Saturday, January 27, 2018

The land we live on, the town we live in


When Birnam Wood to high Dunsinane came... a tale of treachery, murder, and scots ballet moves.
Multi-award-winning Mark Bruce Company is now fully established in Frome with a superb home here in a fully-fitted out dance studio, so we're privileged that their current opus Macbeth premiered here before its highly anticipated tour. Like their version of Dracula, and their Odyssey, this is powerful dramatic story-telling, the lack of voice increasingly irrelevant and paradoxically more powerful as the story unfolds. The dancers are amazing, the special effects are stunning, and the second act becomes a horror film nightmare of remorse, recrimination, & retribution: Shakespeare fans, this is the best Banquo's ghost scene you've ever seen.

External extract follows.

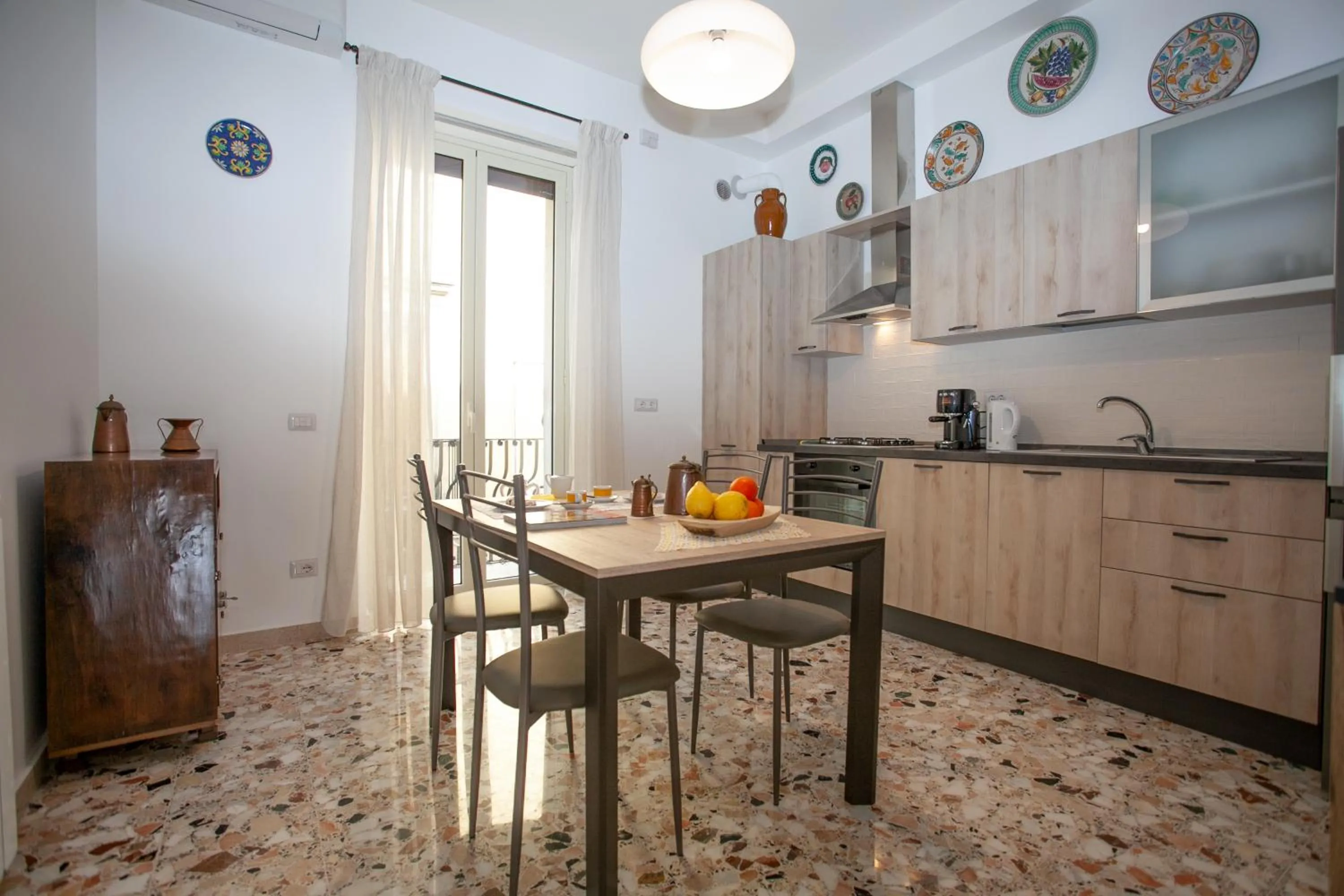 Dining area in Casa Rosa
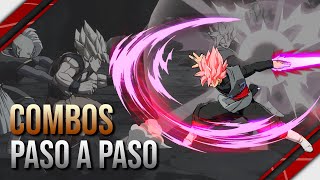 DBFZ combos básicos a intermedio [upl. by Cassaundra]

The Land We Live In - The Land We Left Behind curated by Adam Sutherland is the newly-opened exhibition at Hauser &Wirth, an 'ambitious survey exploring the contradictory nature of society’s relationship to the rural telling the story of humanity’s evolving connection to the land, our perception of, and reliance upon it.' There's a huge range of evidential artefacts, from tiny woodblock prints to a wall-sized film of modern farming methods, pointing up every aspect from sentimental to sensual, from exploitative to indifferent, some exhibits puzzling & some deeply moving. Opening night fizzed  and this deserves a second visit for proper scrutiny - on till 7 May.

Land, coincidentally, is one of my current themes so I was fascinated by Angela France's semi-dramatised presentation of her new poetry collection The Hill: tales of Leckhampton Hill and the struggle of Gloucestershire people over a hundred years ago to save their footpath rights. The land wears time as a mantle, bending briars over paths, growing trees to fill a slope, change encoded in every seed and speck of earth.  Several other excellent poets too at Words & Ears, Dawn Gorman's always-excellent poetry night in Bradford on Avon, including Robert Walton and a fine open-mic.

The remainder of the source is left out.